Três artistas de São Paulo apresentam obras no Marco

Vinda de São Paulo, a artista Yara Dewachter brinca com o imaginário midiático das duas últimas gerações, que cresceram em frente à televisão e ao cinema. Em “Museu de História Ficcional”, a paulista afirma que reproduziu um museu de história natural com bonecos de personagens infantis, de desenhos animados, filmes e programas de televisão, que são “afogados” em parafina e exposto em armários.

“Aqui eu questiono os conceitos de influência da mídia na vida das pessoas, dissecando a fábula que temos acerca de todos esses personagens. Eles tentam sair da parafina, mas estão se afogando, estão imóveis, conservados na nossa cabeça para sempre”, explica. Algumas figuras muito conhecidas estão imortalizadas por Yara, desde a “Turma da Mônica”, do cartunista Maurício de Sousa, até “Thundercats”, “Procurando Nemo” e “Incrível Hulk”.

Em outras duas salas do museu, o público irá se depararcom a exposição “Trajetos Urbanos”, da artista Esther Casanova, e “O Relógio Quebrado”, de Henrique de França.

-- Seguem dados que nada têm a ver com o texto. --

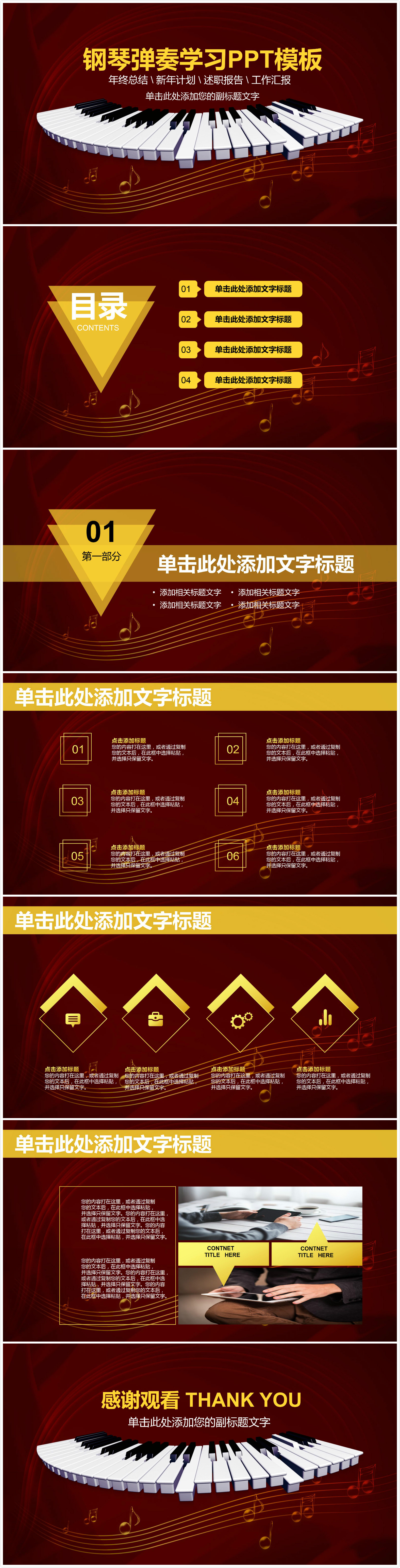 简洁时尚的钢琴课免费ppt下载 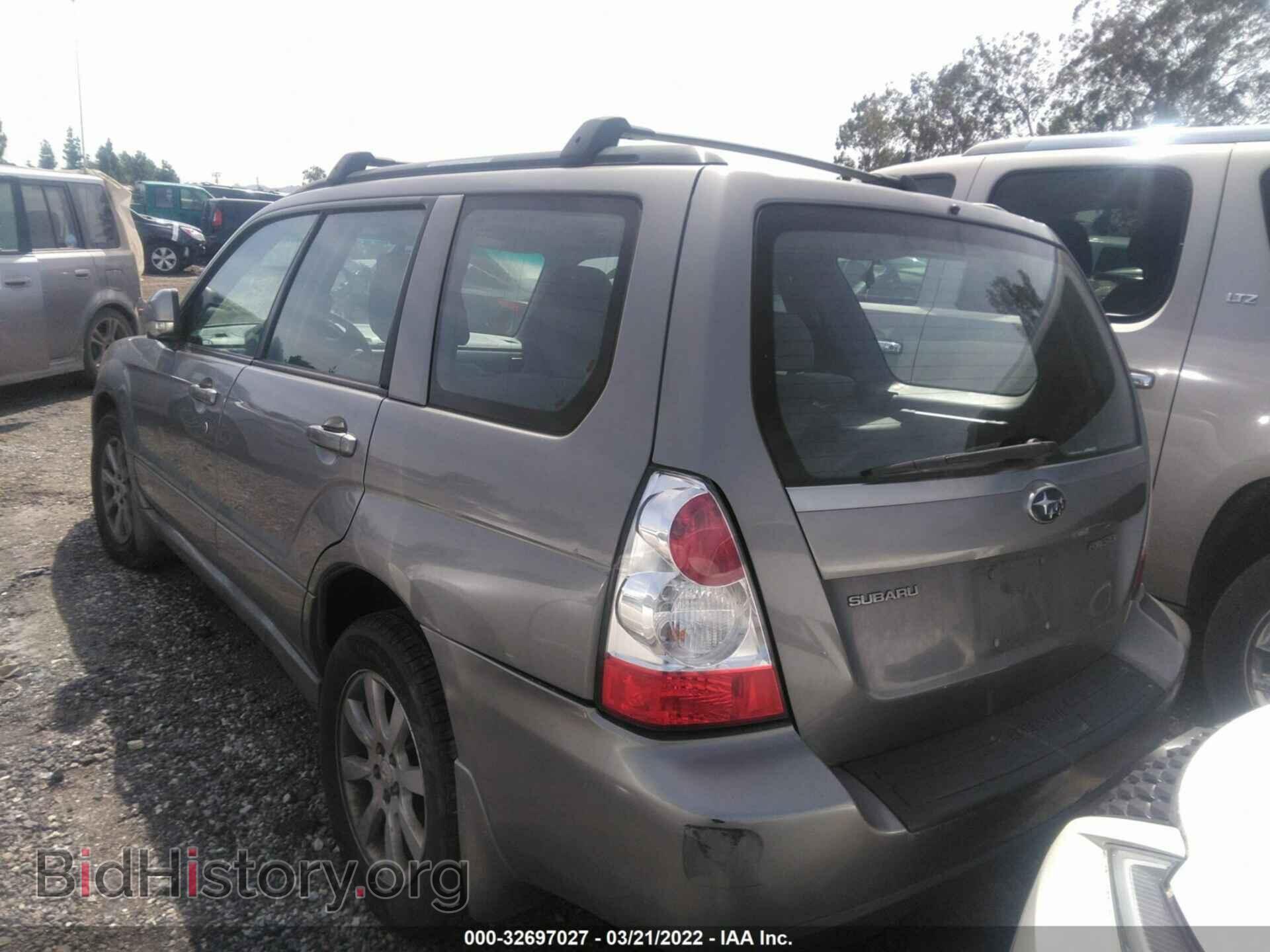 2006 SUBARU FORESTER - VIN: JF1SG65616H752892 - Фото 3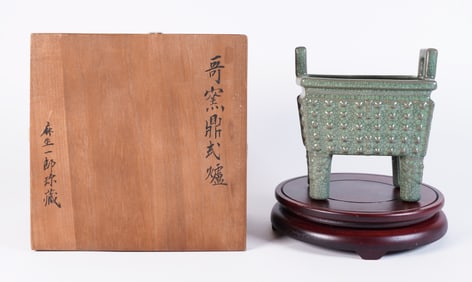 Chinese censer with wooden box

Ambas são imagens que, exibidas na parede, trazem conceitos de abandono e recuperação. Isso porque “Trajetos Urbanos” é uma contextualização do cotidiano da artista, que buscou dar cores a São Paulo. “Nas pinturas eu reconstruo a ideia de andar pelas ruas de uma cidade cinza e dar cores a ela. Eu sou uma pessoa normal, que passa a observar esses pequenos detalhes”, enfatiza Esther.

Já nos quadros de França, que são feitos com lápis sobre papel, a visão é de desamparo. “Para criar essa obra, da série‘O Mesmo Sonho’, utilizei fotografias antigas, que redesenhei e coloquei em outra dimensão. A parte branca ou totalmente preenchida do papel vem para aumentar essa sensação de solidão”, explicou o artista.

SERVIÇO - A visitação estará aberta de terça a sexta, das 12 horas às 18 horas. O Marco fica na rua Antônio Maria Coelho, 6000, no Parque das Nações Indígenas. Informações no telefone (67) 3326-7449.